◆ **The task**: Print the listing below exactly, images excluded.

◆ **Provided data**:

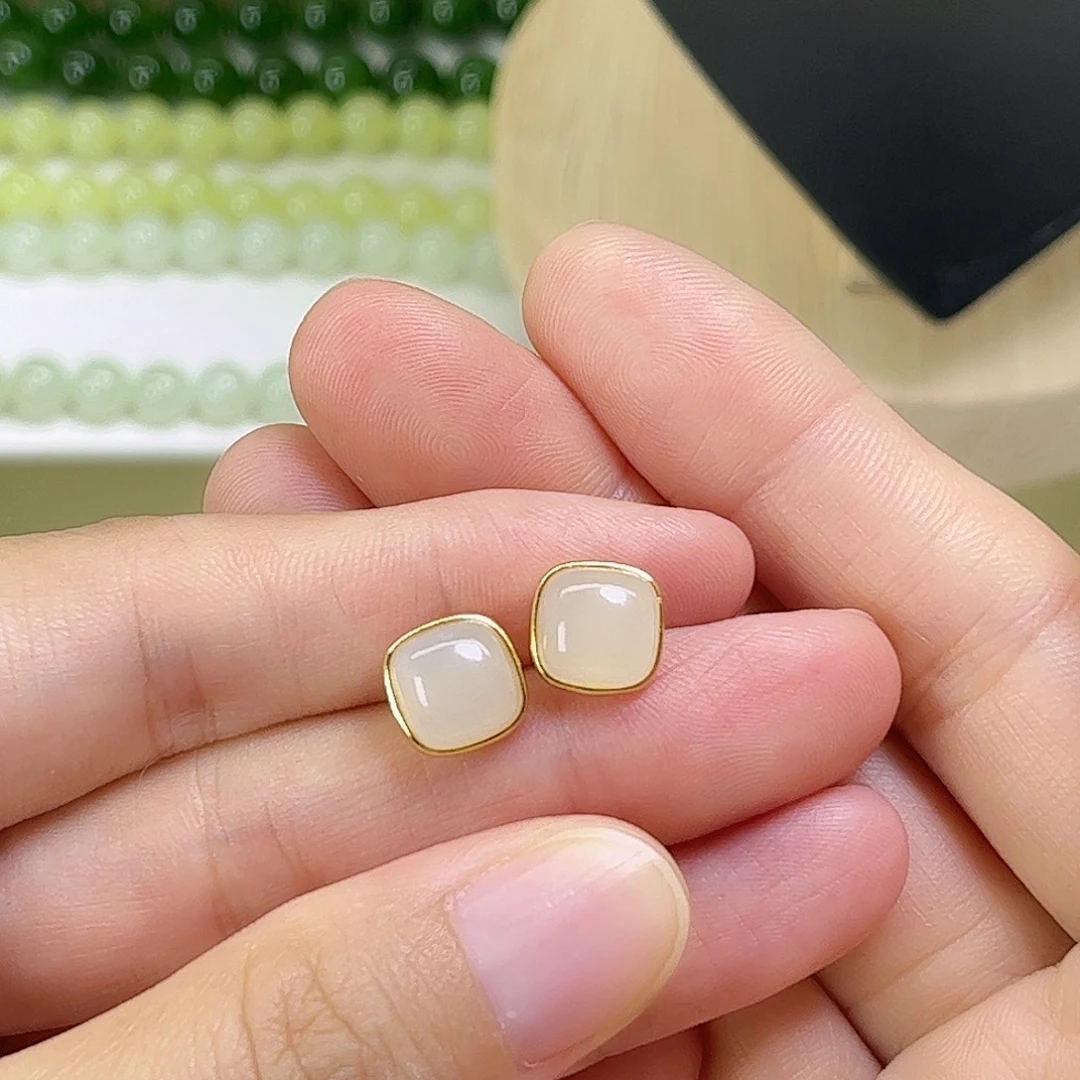 和田玉银S925镶嵌耳饰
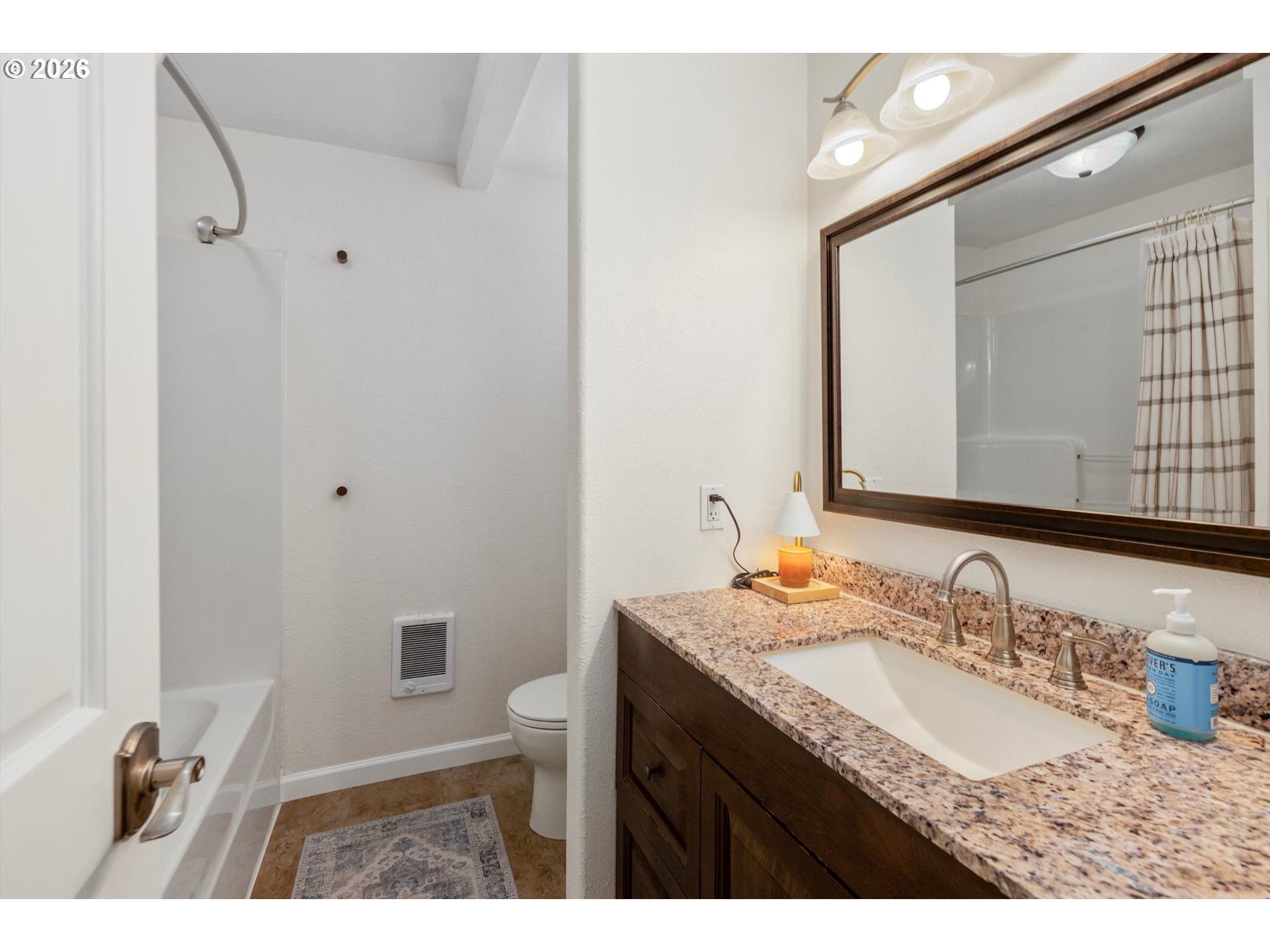 412 Dimick St Property Photo 15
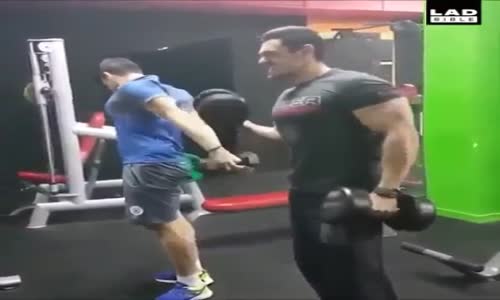 artistlik yapma bana bırader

◆ **Result for this exercise**:
 和田玉银S925镶嵌耳饰
 412 Dimick St Property Photo 15
 artistlik yapma bana bırader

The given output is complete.